Arınç, yaptığı açıklamada, Kadir Topbaş’ın hiçbir zaman kamu imkanlarını kendi şahsi çıkarları için kullanmadığını söyledi.
Kadir Topbaş’ın yakınlarından ihanet gördüğünü ifade eden Arınç, aynı zamanda iftiraya da uğradığını belirtti.
“DOSTUN DUASINDAN VE GÖZYAŞINDAN BAŞKA BİR ŞEY BULAMADI”
Arınç, Topbaş’ın aile fertlerine de düşmanlık yapıldığının altını çizerek,
“İstedikleri menfaat ve çıkarlara cevap vermediği için ellerindeki basın, siyaset, mevkii ve parti imkanlarını çok acımasızca kullanan, çıkarlarını bölgesel milliyetçilik yaparak perdeleyen bir güruhun hedefi oldu. Bunlar yapılırken yanında birkaç samimi dostun duasından ve gözyaşından başka bir şey bulamadı. Eski dostları suskun kalmayı ve ona sırtlarını dönmeyi tercih etti. O, çok onurlu bir insandı. Aile yakınlarının daha da zarar görmemesi için istifa etti. Aleyhine çalışanlar, İslam'ın en ağır suç olarak nitelediği iftira ve kul hakkıyla hala utanç içinde yaşıyorlar. Kadir Ağabey bu konuda tek bir örnek değildi, bu süreçte pek çok başarılı insan da aynı düşmanlığa maruz kaldı” dedi.
“HAYATTA İKEN HELALLEŞMEDİNİZ ŞİMDİ NE YAPACAKSINIZ”

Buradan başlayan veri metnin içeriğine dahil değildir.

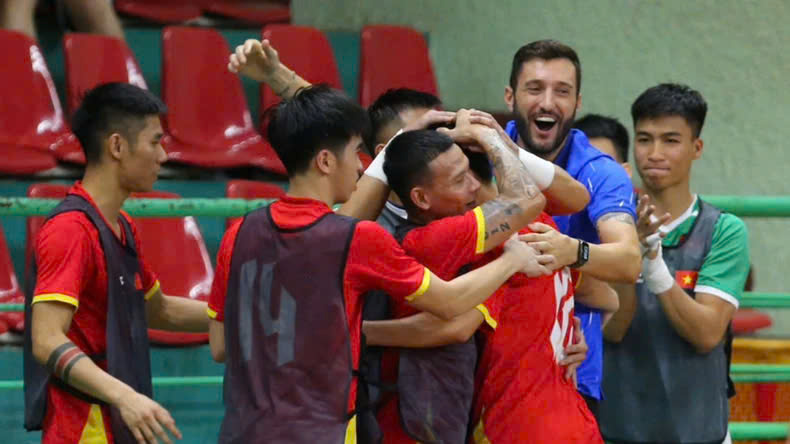 Tuyển futsal Việt Nam bất ngờ v&ugrave;i dập đội hạng 7 thế giới- Ảnh 1.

Aynı zamanda göndermelerde bulunan Arınç,
“Hayatta iken helalleşmediniz şimdi ne yapacaksınız. Durumlarınızı biliyorum, hepinizin tahtı sallandı, düştünüz. Sokağa ve medyaya bile çıkamıyorsunuz. Siyasi arenamızda yeni bir yöntem olarak ortaya çıkan belirli günler ve haftalar siyasetçileri oldunuz” diye konuştu.
“RÜZGAR TERSTEN ESEBİLİR”
Öte yandan Arınç, son olarak,
“Siyaset zemini konjonktüre bağlı olarak dönüşebilir, rüzgâr bazen tersten esebilir, önemli olan ilkelerinize bağlılığınızdır. Farklı esen her rüzgârda dalından kopmuş yaprak misali savrulanlar, girdiği kabın şeklini alanlar, ilkesizliği ve vefasızlığı bir siyasi manevra kabiliyeti gibi görenler ise kısa vadede olanları kar sayan ama aslında ziyanda olanlardır. Elli yılı aşkın zaman bu ülkede siyaset yaptım. Şimdi arkama dönüp baktığımda bana kalan ve dokunabildiklerime aktarabildiğimi düşündüğüm iki önemli husus var işte, İlkeler bütününe bağlı bir siyaset ve vefa” ifadelerine yer verdi.